= WHAT IS REQUIRED =
A faithful transcription of all the data, images excluded, is the required answer.

= GIVEN INFORMATION =
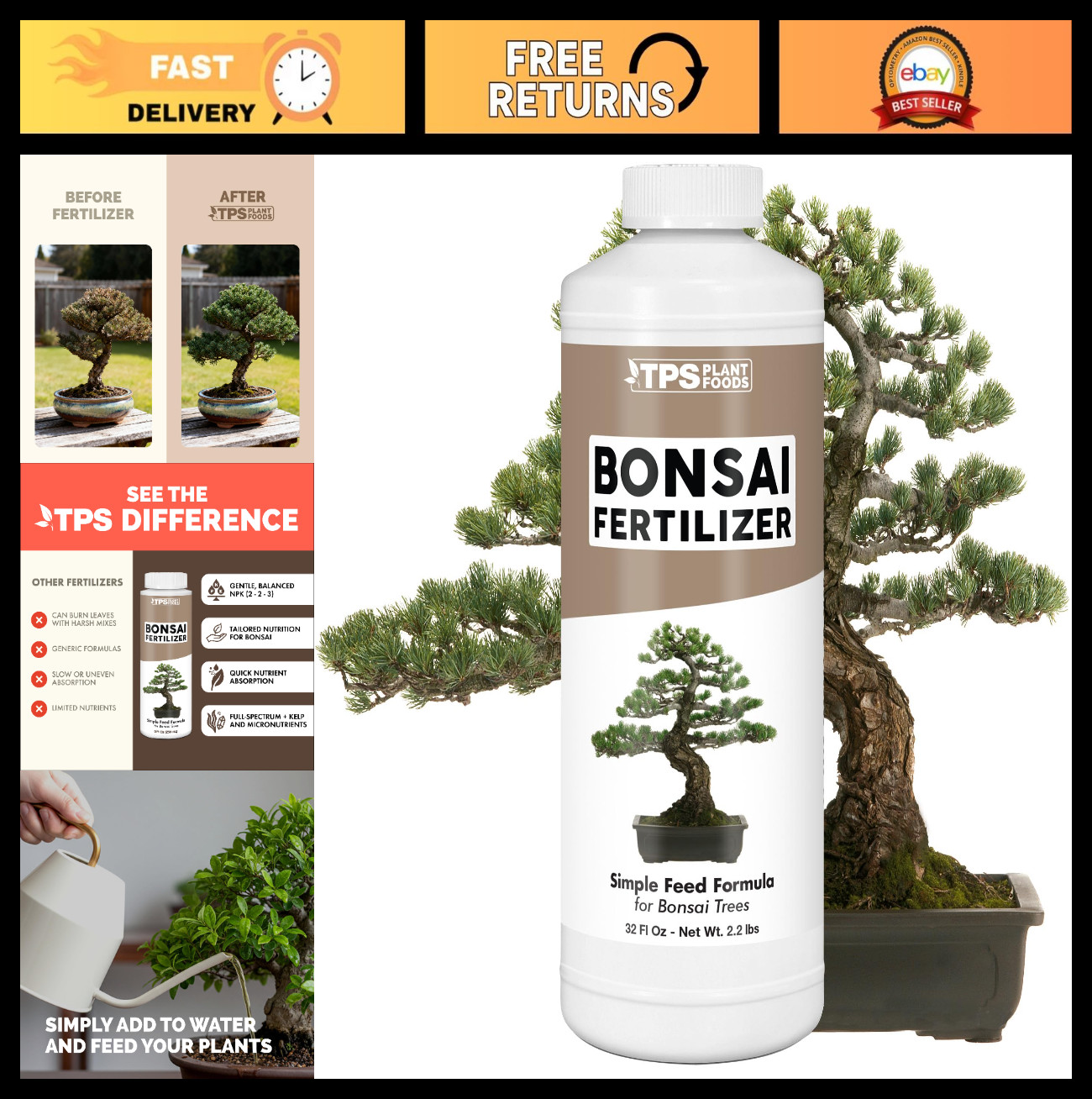 Liquid Bonsai Fertilizer – Plant Food for Healthy Growth, Vibrant Foliage, 32 oz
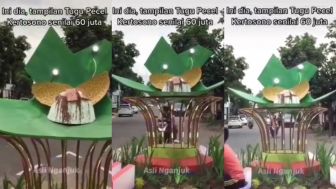 Penampakan Tugu Pecel Kertosono yang Makan Biaya Rp60 Juta, Netizen: Rp20 Juta pun Kemahalan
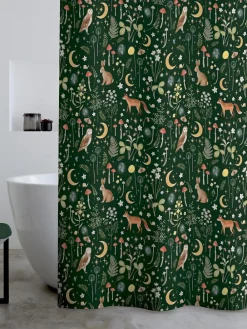 Clearance Catherine Lansfield Enchanted Twilight Animal Shower Curtain Forest Green
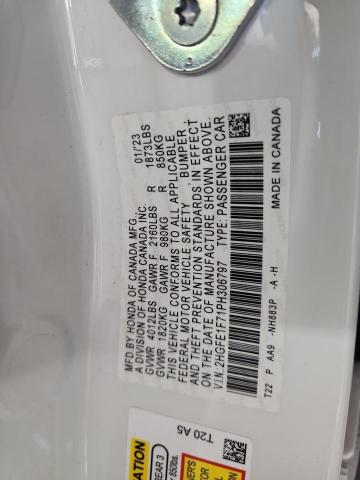 2HGFE1F71PH306797 - 2023 HONDA CIVIC EX WHITE photo 12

= SOLUTION TO THE PROBLEM =
 Liquid Bonsai Fertilizer – Plant Food for Healthy Growth, Vibrant Foliage, 32 oz
 Penampakan Tugu Pecel Kertosono yang Makan Biaya Rp60 Juta, Netizen: Rp20 Juta pun Kemahalan
 Clearance Catherine Lansfield Enchanted Twilight Animal Shower Curtain Forest Green
 2HGFE1F71PH306797 - 2023 HONDA CIVIC EX WHITE photo 12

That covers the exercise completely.